The kitchen’s half-bright. There are pans filled with water in plastic bags, on the table, on the floor. Whoever the person was they used clear plastic bags, which meant that their water inside went slimy. It’s a mistake many people made, but we’re far wiser now.
On one wall there’s a map of the world. In the map are lots of red and blue and green pins, mostly around Asia, but with some around America, Europe. Alongside the map are cut-outs from newspapers. It’s all to do with what happened. There’s a heap of cut papers on a chair, maybe the ones this person never got around to sticking up.
‘Should’ve spent time reading up on water instead,’ Calum Ian says. He picks up the papers and begins to read them out with a posh adult voice—
‘Chief Medical Officer confirms WHO report on Guangdong Virus.
‘As feared it seems to have an extended incubation.
‘Aerosol spread from shopping malls: bogus oxygen bars. Ban on reporting this story finally lifted.
‘UN security council: no consensus.
‘Those in urban centres advised to stay at home. Those in rural areas under no current restrictions.’
He laughs at this, then angrily raps the page: ‘Did you not see what happened to us, then? Did ye not? You got it right for everybody else, so why not us?’
And he begins to tear the pages, into smaller and smaller pieces – then looks up at us looking at him.
‘Get a move on ,’ he orders – like we were the ones keeping him back.
He makes us pull all the kitchen drawers. We don’t find any medicine for Alex, but we do find: tins of Carnation milk, garibaldi biscuits, croutons, brown sugar, raisins, treacle, flour. I’m keen to start taking things home but Elizabeth says no, we’ve our job to do first.
The living room’s dark. Strings of sun around the boards. The smell worse here. Calum Ian goes to the window and finds that Elizabeth was correct: the boards are just cardboard.
He tears a strip, the sun comes in.
There’s a tile fireplace, plus a couch, chair the murk colour of pond but hanging with lace. On the floor, lots of bottles of water: pans, jars, tubs, covered, laid out just anywhere.
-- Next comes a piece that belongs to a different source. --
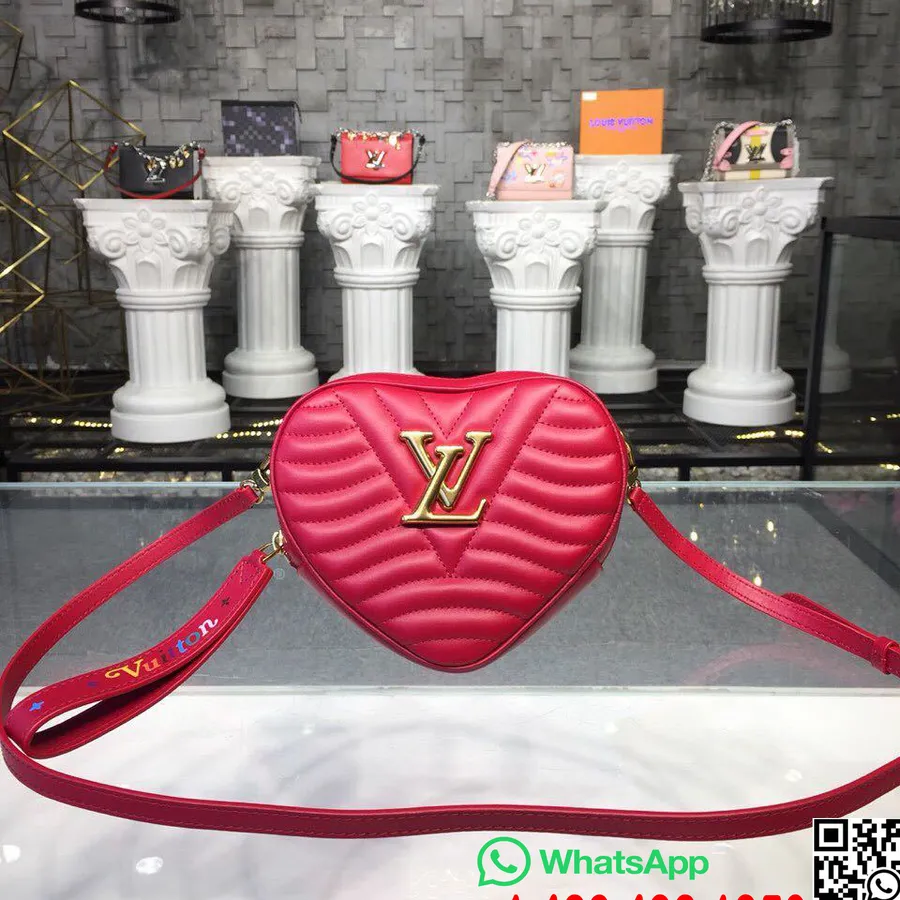 Louis Vuitton New Wave Srčkana Torbica Za Okoli Pasu, Prešito Telečje Usnje, Kolekcija Pomlad/poletje 2019 M64058, škrlatno Rdeč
On the couch, a scrunch of sheets looking like a human with bad dreams got twisted up in them.
I walk between the bottles, pans. Duncan knocks one over – we all hiss at him to be careful.
From the hall Calum Ian shouts – ‘Dead person!’
The body’s on the stair.
It’s a man – curled up, at the corner of a bigger turn-step. He has plasters to keep the skin on his face. The proper skin behind these went black, which makes him look all in bits, like patchwork.
There’s a carton of milk-yuck at his hand. Plus a box of the pills we’ve seen in lots of houses.
The smell of him is bad, but not the worst, maybe because he’s in the dark.